Items from a dataset
- Opening Delimiter -
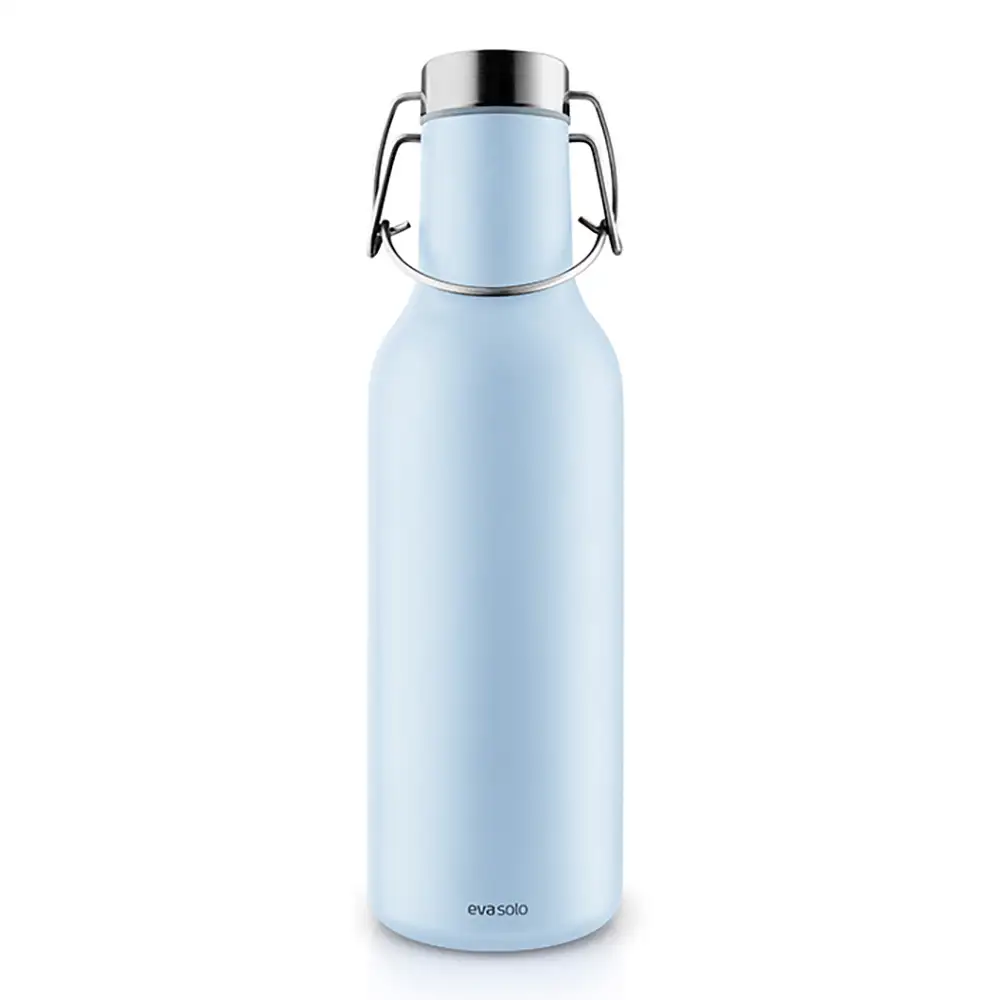 Eva Solo Cool Termoflaske 0,7l Soft blue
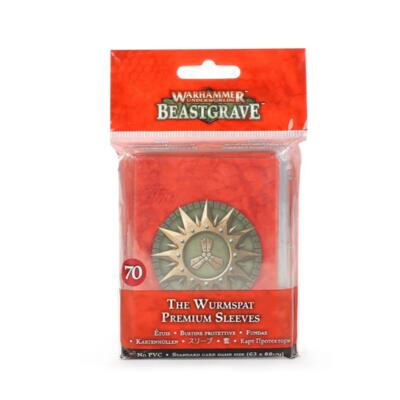 The Wurmspat Premium Sleeves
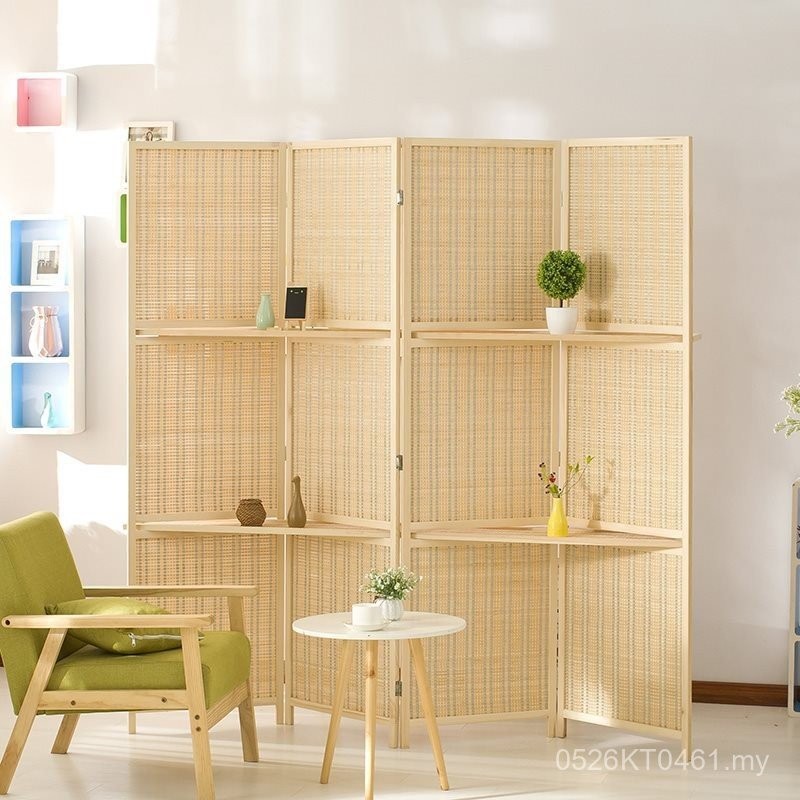 Foldable Block Modern Entrance Living Room Partition Wall Office Solid ...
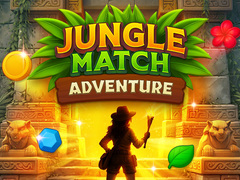 Trò chơi Jungle Match Adventures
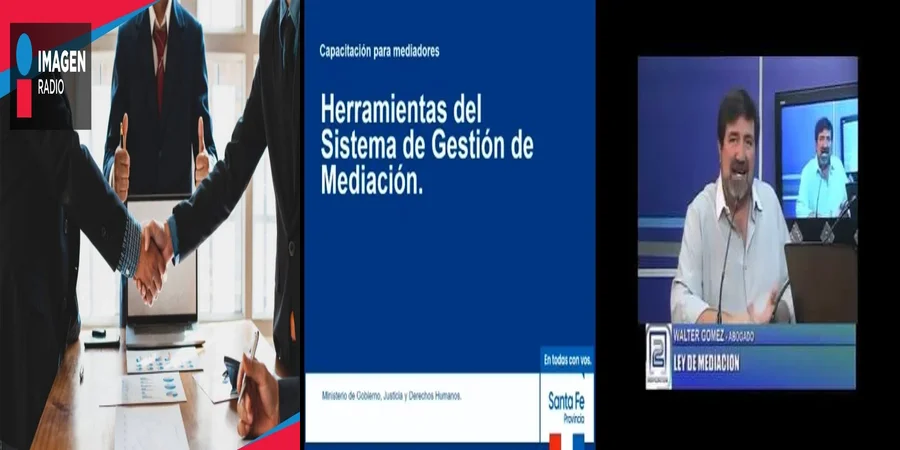 "Aspectos de la ley de mediación en Santa Fe para abogados en México"
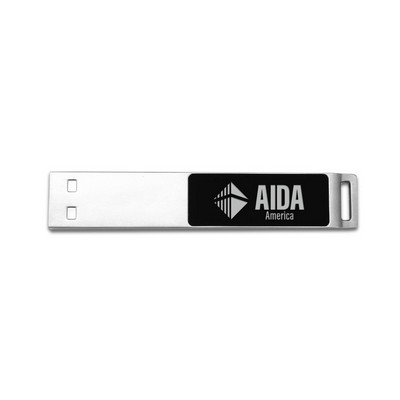 Buena Park Light-Up USB Flash Drive-512MB
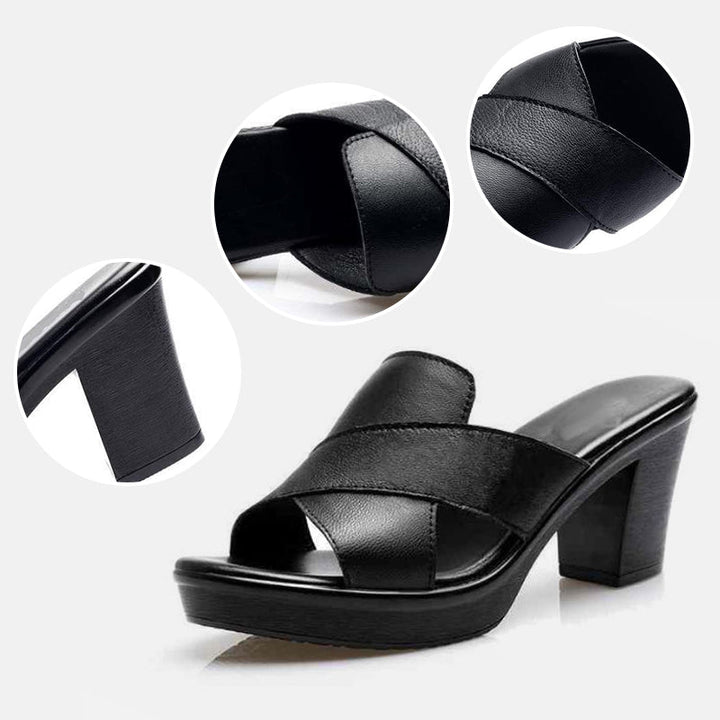 Darcy | Sandali Eleganti e Confortevoli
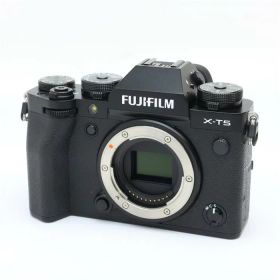 【中古】 《良品》 FUJIFILM X-T5 ボディ ブラック [ デジタルカメラ ]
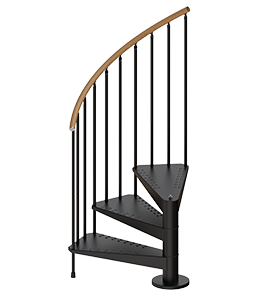 Spiral Staircase System Spiral Staircase System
- Closing Delimiter -
__About this exercise__. An exact copy of the lines above, from the first through the line that holds "Buena Park Light-Up USB Flash Drive-512MB", is what is needed; leave the pictures out.

__Reply__.
 Eva Solo Cool Termoflaske 0,7l Soft blue
 The Wurmspat Premium Sleeves
 Foldable Block Modern Entrance Living Room Partition Wall Office Solid ...
 Trò chơi Jungle Match Adventures
 "Aspectos de la ley de mediación en Santa Fe para abogados en México"
 Buena Park Light-Up USB Flash Drive-512MB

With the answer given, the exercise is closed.